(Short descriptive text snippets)
——————
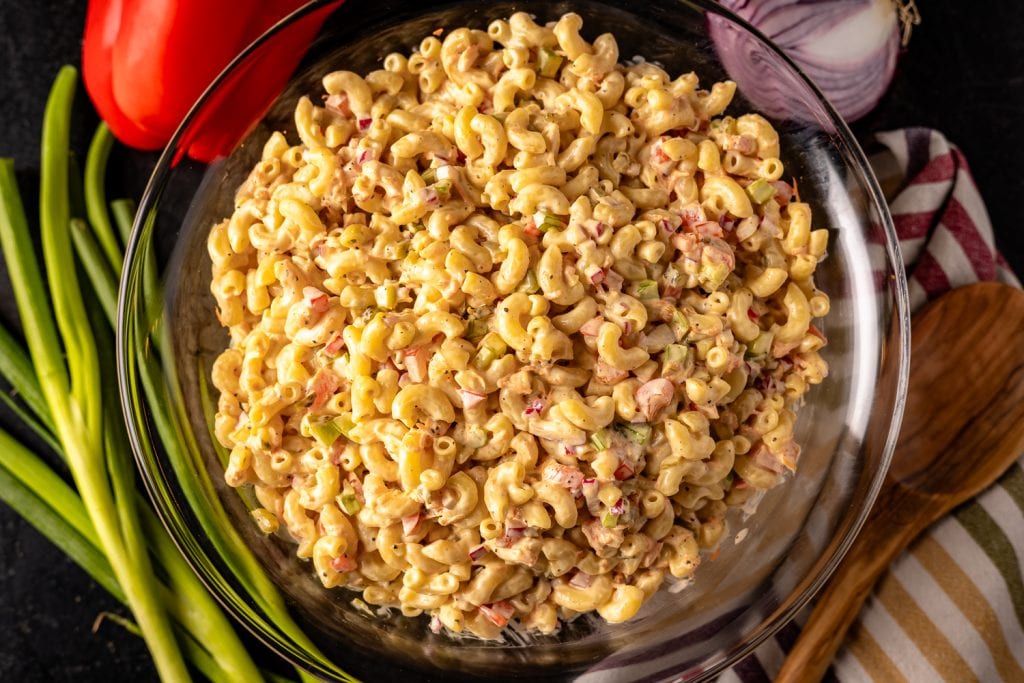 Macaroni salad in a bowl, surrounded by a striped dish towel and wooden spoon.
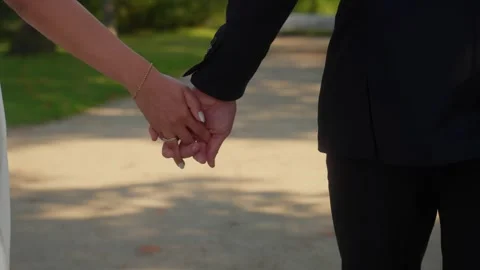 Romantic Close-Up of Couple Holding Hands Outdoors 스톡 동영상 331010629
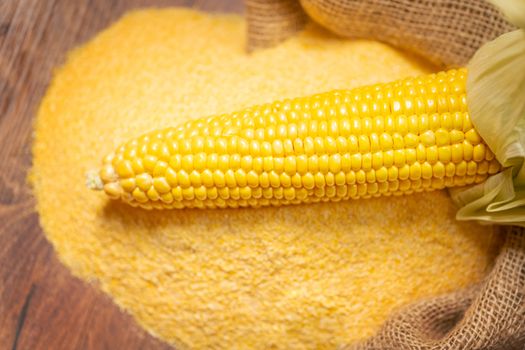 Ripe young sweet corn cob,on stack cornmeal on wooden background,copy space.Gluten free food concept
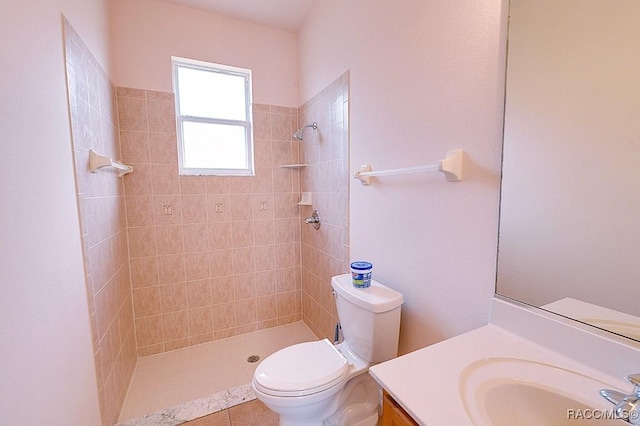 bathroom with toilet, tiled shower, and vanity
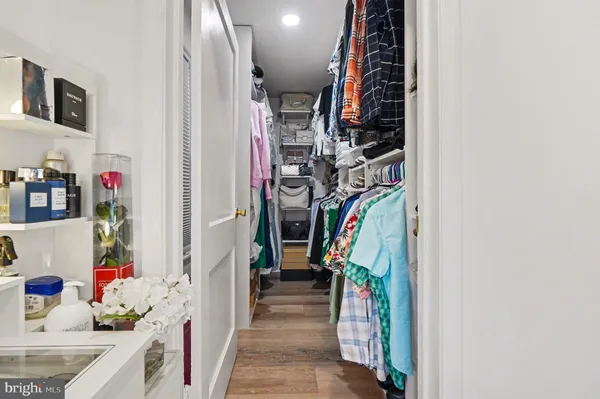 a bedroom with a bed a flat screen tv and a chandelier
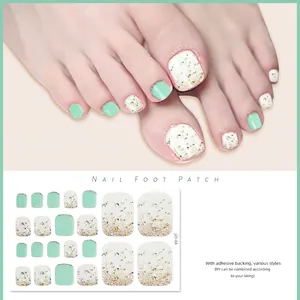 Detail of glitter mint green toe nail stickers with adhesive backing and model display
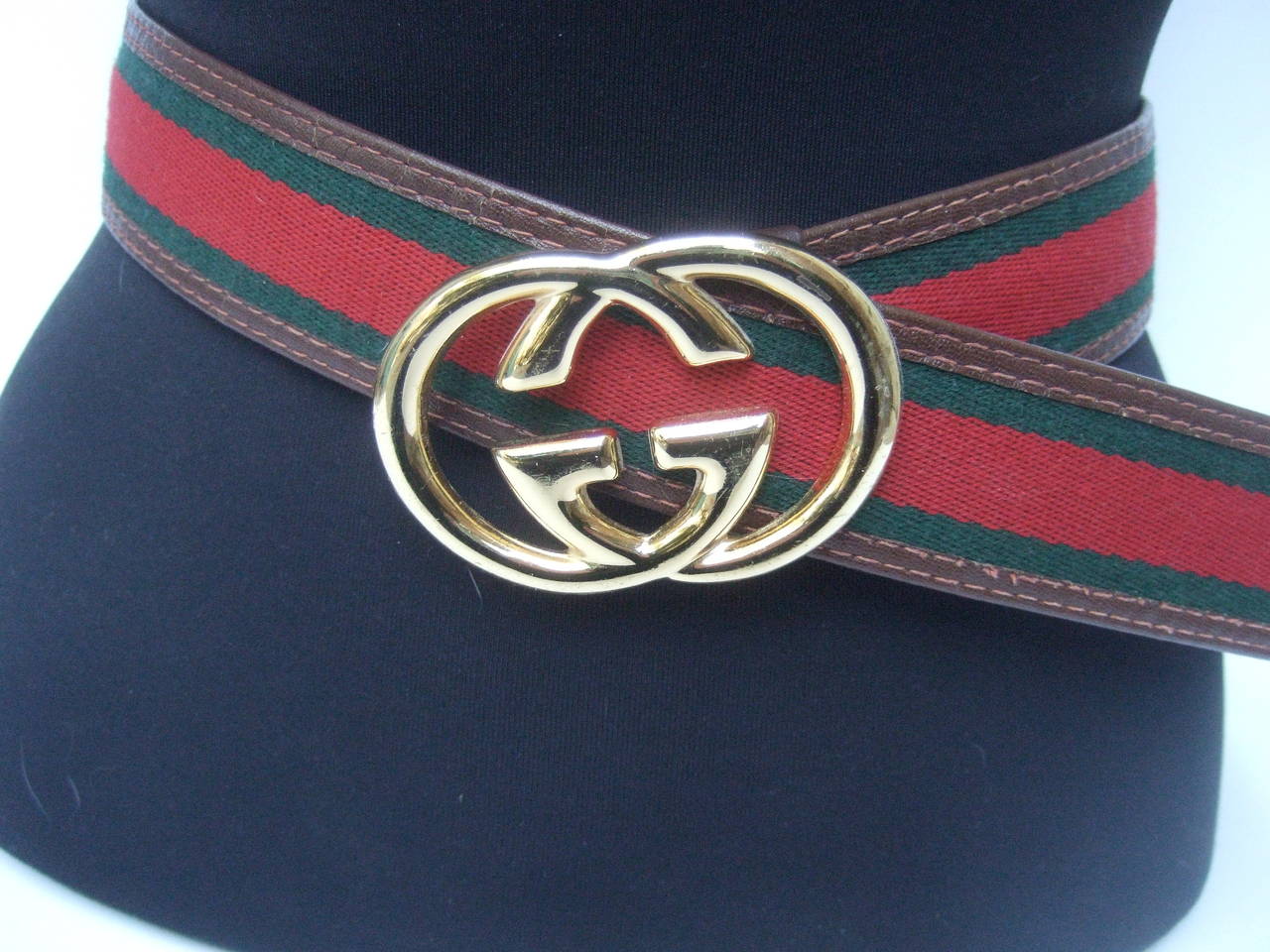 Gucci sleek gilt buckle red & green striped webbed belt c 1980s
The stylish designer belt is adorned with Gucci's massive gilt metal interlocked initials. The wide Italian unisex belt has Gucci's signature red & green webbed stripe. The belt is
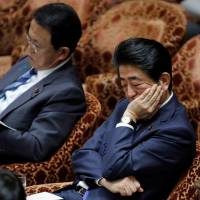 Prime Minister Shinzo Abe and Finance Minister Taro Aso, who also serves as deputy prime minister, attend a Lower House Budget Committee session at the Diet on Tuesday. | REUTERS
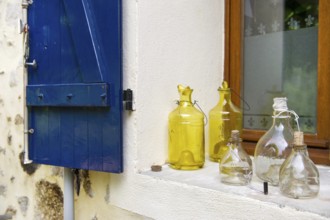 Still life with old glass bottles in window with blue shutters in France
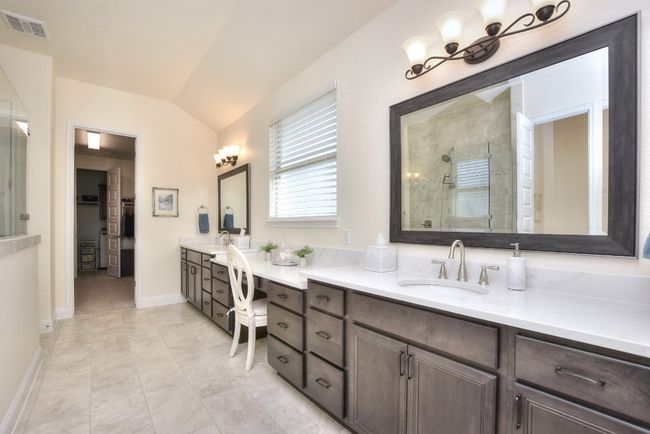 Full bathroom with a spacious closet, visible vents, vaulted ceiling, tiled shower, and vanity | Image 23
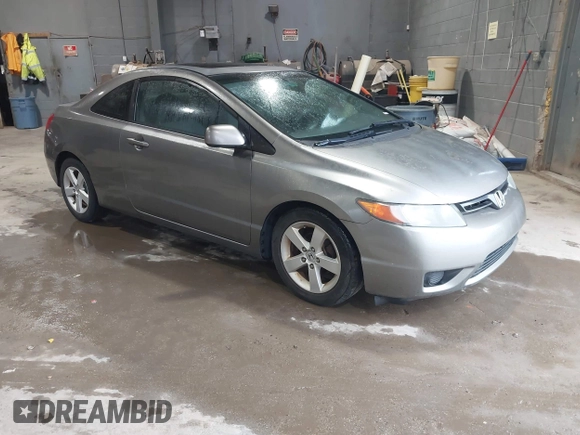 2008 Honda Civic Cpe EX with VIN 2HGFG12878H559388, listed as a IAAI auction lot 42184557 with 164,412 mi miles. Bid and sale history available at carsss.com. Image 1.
——————
— Brief —
Only the lines above starting with the line with "Prime Minister Shinzo" and going on through the line with "Full bathroom with" belong in the answer; repeat them exactly, minus any picture.

— Answer to this exercise —
 Prime Minister Shinzo Abe and Finance Minister Taro Aso, who also serves as deputy prime minister, attend a Lower House Budget Committee session at the Diet on Tuesday. | REUTERS
 Still life with old glass bottles in window with blue shutters in France
 Full bathroom with a spacious closet, visible vents, vaulted ceiling, tiled shower, and vanity | Image 23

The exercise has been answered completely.